50s: Oddly Rural

In 1956, when I was eight, we moved from the flats up into the hills. To Eastbrook Ave. We moved from classic fifties suburb to rural, although less than four miles away.  Oddly rural. It was barely half a mile from the Los Altos Golf and Country Club, and a one-mile bike ride to Loyola Elementary School. Five miles to Main Street in Los Altos or to Castro Street in Mountain View. But still, rural. 

Eastbrook Avenue was then a one-lane, poorly paved private road that ran a few hundred yards from Mora Drive south southeast to Permanente Creek. It started in a small flat valley just about where the landscape started to rise to the west up to the crest of the coast range at Black Mountain. To the east was an open field of tall weeds, waist high to a kid, for maybe three hundred yards before it rose slightly to an orchard on a hill across the way. To the west, chaparral covered hills rose steeply from our back yard, to coast range tree-covered mountains topped beyond the horizon at Black Mountain, which we heard about, but couldn’t actually see. To our right, if we looked out on the field from our house, the road dropped sharply down a hill to an even smaller valley fed by Permanente Creek, a year-round creek that was never wider than five or ten feet, never deeper than a foot or so in its deepest pools, full of water spiders, frogs, in inch-long fish. There was a house on the other side of the street and down from us, riding the hill. And there were two houses at the bottom of the hill, near the creek. The hill that started in our back yard and dropped down to the creek 200 yards below was a small part of the famous San Andreas fault. 

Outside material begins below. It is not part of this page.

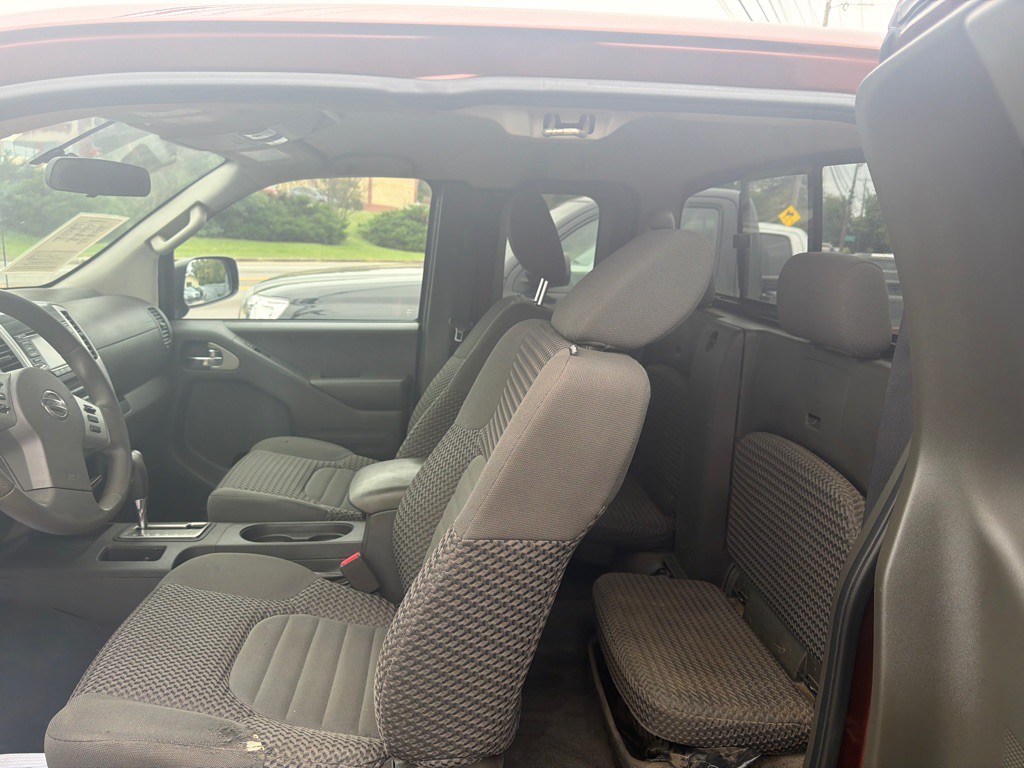 2017 Nissan Frontier Image 6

I most often rode my bicycle from there to Loyola School, about a mile. Sometimes I took the long bus ride that wound its way around the hills above and then dropped down Mora Drive to leave me off at the corner. Then I had a short walk down the street with the open green fields to my left and the one other house, before ours, to my right. I remember it with the sky bright blue, the evergreens around the neighbor’s house dark green, the open field a mixture of grass and grain colors, plus highlights of bright yellow when the mustard weeds were open. And when I say skies were bright blue, the field green, I mean real colors, as if you wouldn’t believe them on a postcard picture. We knew about smog, back then, in Los Altos and thereabouts, only because we’d seen it in Los Angeles. We’d driven through Los Angeles in the summer, on the way to Newport Beach, squinting, shocked by the strange haze that blanketed the whole area on summer days, smelling like exhaust and making eyes water. Smog was a local geographic phenomenon limited to Los Angeles. Or so we thought in the Bay Area, 400 miles north of that, blessed by crystal clear blue skies. 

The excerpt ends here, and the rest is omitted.